Here’s where you can stream them this week.
Backcountry – AMC+
Alex and Jenn quickly find they’re in way over their heads when they decide to leave the city behind and try their hand at camping. But the more Alex insists on bringing Jenn to his favorite spot nestled deep within the wilderness, the more evident it becomes that he’s gotten them lost. Much of Pywacket director Adam MacDonald’s feature debut plays like an intense survival thriller, with tensions between the pair rising as their supplies dwindle. There may or may not be a predatory man lurking nearby, but it doesn’t hold a candle to the territorial black bear. There are bear attack movies, and then there’s this one, which delivers the most vicious attack sequence of all time. It’s more than worth the wait getting there.
Ben – Pluto TV, Tubi
In this follow-up to Willard (streaming on HBO Max), killer rat colony leader Ben finds a new friend in a young boy named Danny (Lee Montgomery). Danny is a lonely, ostracized boy with a heart condition, and this sequel drops the psychological horror in favor of something more touching and sentimental. That doesn’t mean that Ben’s colony doesn’t wreak havoc, as the authorities hunt them down. But at its core, it’s a tale of a sweet boy and his highly intelligent pet rat, and it’ll tug at your heartstrings. Bonus: the theme song, “Ben,” sung by Montgomery in the film and Michael Jackson during the end credits, landed at the top of the music charts.
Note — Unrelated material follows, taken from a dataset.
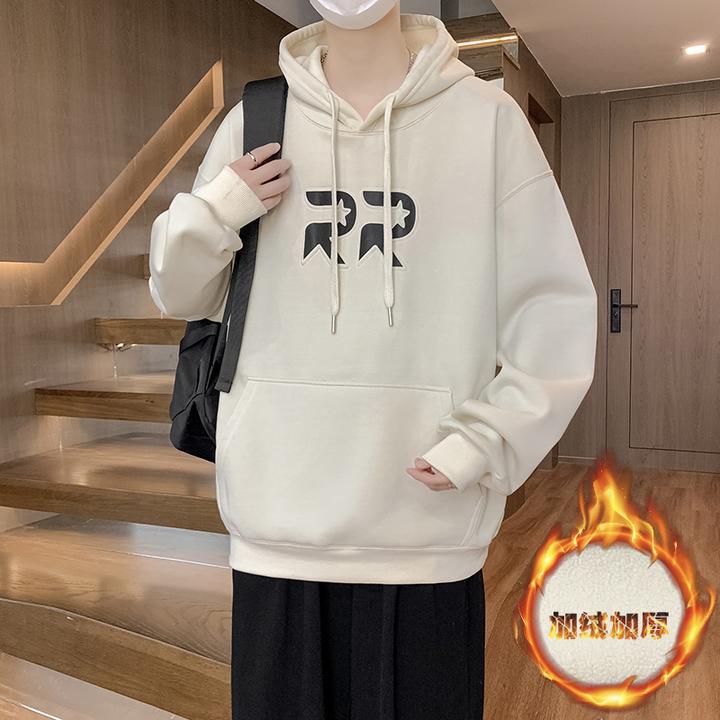 青少年秋冬季连帽卫衣男孩学生加绒加厚打底衫帅气大童冬装上衣服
Burning Bright – Prime Video, Tubi
As if Kelly doesn’t have enough problems to deal with between her mother’s suicide and caring for her autistic brother, someone has sealed all the doors and windows in her house and let loose a ravenous tiger. She can’t call for help, either, because a hurricane has downed all phone communication. It’s an underseen gem that far exceeds what could’ve been a cheesy thriller. Director Carlos Brooks creates genuine, white-knuckle suspense and employs a real tiger for maximum effect, often through composited shots. The early melodramatic exposition scenes may seem daunting at first, but all of that fades away once the tiger is let loose.
Shakma – Prime Video, Tubi
An experimental drug meant to inhibit aggression has the opposite effect on its test subject, a baboon named Shakma. When it goes berserk, Professor Sorenson (Roddy McDowall) orders his med student to euthanize the animal, but it instead escapes and embarks on a rampage through the facility. That’s terrible news for Sorenson and the group of students that have assembled for a live-action role-playing game. Chris Atkins and A Nightmare on Elm Street’s Amanda Wyss rounds out the cast, but really, the star here is the ferocious baboon with a ruthless, mean streak. Being trapped anywhere with Shakma is a nightmare.
Snakes on a Plane – HBO Max
Because not all animal attack movies need to be serious, and sometimes you want a goofy, fun time. Samuel L. Jackson stars as Neville Flynn, an FBI agent escorting a key mob witness on a flight from Hawaii to Los Angeles. The mob boss wants to ensure that the witness keeps his mouth shut permanently and has venomous snakes jacked up on hormones rigged to ensure the plane never lands. It’s a chaotic, often funny fight for survival against a slew of snakes. The snake VFX don’t hold up as well in places, but it doesn’t do much to detract from a B-movie with a stacked cast led by Jackson uttering bonkers lines that’ll get your fist pumping with glee. If you’re in the mood for a movie that doesn’t take itself even remotely seriously, this is an entertaining bet.